St. Louis Park, where new apartment and condo buildings sprout like weeds, may become home to a far more unusual development: a community powered by organic waste.

Developer Chris Velasco of Minneapolis-based PLACE wants to build a community of apartments, studios and work spaces at the former McGarvey Coffee site on Hwy. 7, with a sustainable feature that in Minnesota is more commonly seen on dairy farms: an anaerobic digester.

Crudely put, the digester would turn what is now garbage into biogas that powers an engine to produce electricity that would heat and cool the development. Liquid fertilizer from the digester would be used to grow food in greenhouses on the property.

"We live in a society where we don't think of where our food and energy comes from and where our waste goes," said Velasco, a co-founder of PLACE. "There is real value in having people understand how these things work together. It ends up making living more affordable and reduces their footprint at the same time."

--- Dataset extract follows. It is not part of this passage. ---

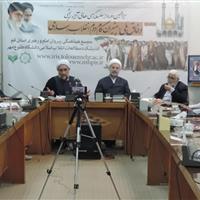 وفاق ملی در بستر تعادل و عقلانیت شکل می‌گیرد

St. Louis Park is reworking its ordinances to permit anaerobic digesters.

"We like the sustainable idea; it's innovative," said Meg McMonigal, city planning and zoning supervisor. "We're working on the ordinance, and then they would come back with a plan."

Anaerobic digesters are used on dairy farms to turn manure and plant waste into energy. In South St. Paul, a $30 million digester is planned this year at a business called Sanimax, where it would produce electricity. In Le Sueur, anaerobic digesters are using manure and corn silage to produce methane that powers engines that produce electricity. About 2,000 such sites around the United States produce biogas.

In Europe, anaerobic digesters have been built near hotels, and in Denmark one is connected to a Burger King, Velasco said. But residential use has been rare. Tim Farnan, an organics recycling specialist with the Minnesota Pollution Control Agency, said he doesn't know of any digesters that are tied to residential developments in Minnesota.

An unobtrusive technology

Using residential organic waste to reliably produce biogas may be more difficult than using manure, Farnan said. While agricultural digesters use the same mix of ingredients every day, he said, residential organic waste might be heavy on watermelon at one time of year and some other kind of food at another.

Velasco said his company is working with a firm that has built digesters to create a patented process that suits a residential site. St. Louis Park officials have said they want no smell or noise associated with the digester. Velasco said the sealed digester, with an auger that would slowly turn waste, would turn food scraps into biogas in 21 days.

"These are very different from the manure digesters," he said. "It will be enclosed and quiet and filtered. … We want people living and working and playing around it without really knowing it's there."

The digester would convert 35,000 tons of organic waste per year, producing about a megawatt and a half of energy. The development also would have solar, wind and geothermal energy. Velasco said the community would be connected to the power grid as a backup, "but we're imagining that at the end of the year we will be a net producer of energy, and clean up more [waste] than we produce."

Goal is sustainability

If a deal can be worked out, Velasco said he would like the digester to take organic waste that is already being collected in St. Louis Park, as well as organic waste from Hennepin County. He said he has talked with one county commissioner about a possible pilot project.

PLACE has a master lease on the McGarvey property at 5725 State Hwy. 7 with an option to buy, Velasco said. He envisions a "live-work" community of apartments and business or studio space, aimed at tenants with a range of incomes.

"We are thinking of the creative class, including makers who are interested in building things, sharing new technology … entrepreneurs for business and tech infrastructure, all in a collaborative environment," he said.

With all the renewable energy systems on site, he said the goal would be to make the development self-sustaining. It would have greenhouses to produce food year-round, using liquid fertilizer produced by the digester.

Velasco said he hopes the development is underway in about 18 months.

"There may be barriers to keep it from happening," he said. "This is the early stages, but we've been working really hard on it."